- [Exercise instructions] Repeat the data precisely as given.

(Scraped caption text data)
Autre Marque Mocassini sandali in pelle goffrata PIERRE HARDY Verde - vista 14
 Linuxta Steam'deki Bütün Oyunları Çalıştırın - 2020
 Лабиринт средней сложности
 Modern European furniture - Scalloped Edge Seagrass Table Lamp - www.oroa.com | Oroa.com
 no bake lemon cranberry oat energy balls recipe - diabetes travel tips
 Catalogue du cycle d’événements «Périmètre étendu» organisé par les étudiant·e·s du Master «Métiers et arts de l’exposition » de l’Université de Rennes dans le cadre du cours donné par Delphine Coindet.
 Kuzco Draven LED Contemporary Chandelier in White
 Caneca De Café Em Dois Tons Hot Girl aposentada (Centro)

- [Result of the exercise]
Autre Marque Mocassini sandali in pelle goffrata PIERRE HARDY Verde - vista 14
 Linuxta Steam'deki Bütün Oyunları Çalıştırın - 2020
 Лабиринт средней сложности
 Modern European furniture - Scalloped Edge Seagrass Table Lamp - www.oroa.com | Oroa.com
 no bake lemon cranberry oat energy balls recipe - diabetes travel tips
 Catalogue du cycle d’événements «Périmètre étendu» organisé par les étudiant·e·s du Master «Métiers et arts de l’exposition » de l’Université de Rennes dans le cadre du cours donné par Delphine Coindet.
 Kuzco Draven LED Contemporary Chandelier in White
 Caneca De Café Em Dois Tons Hot Girl aposentada (Centro)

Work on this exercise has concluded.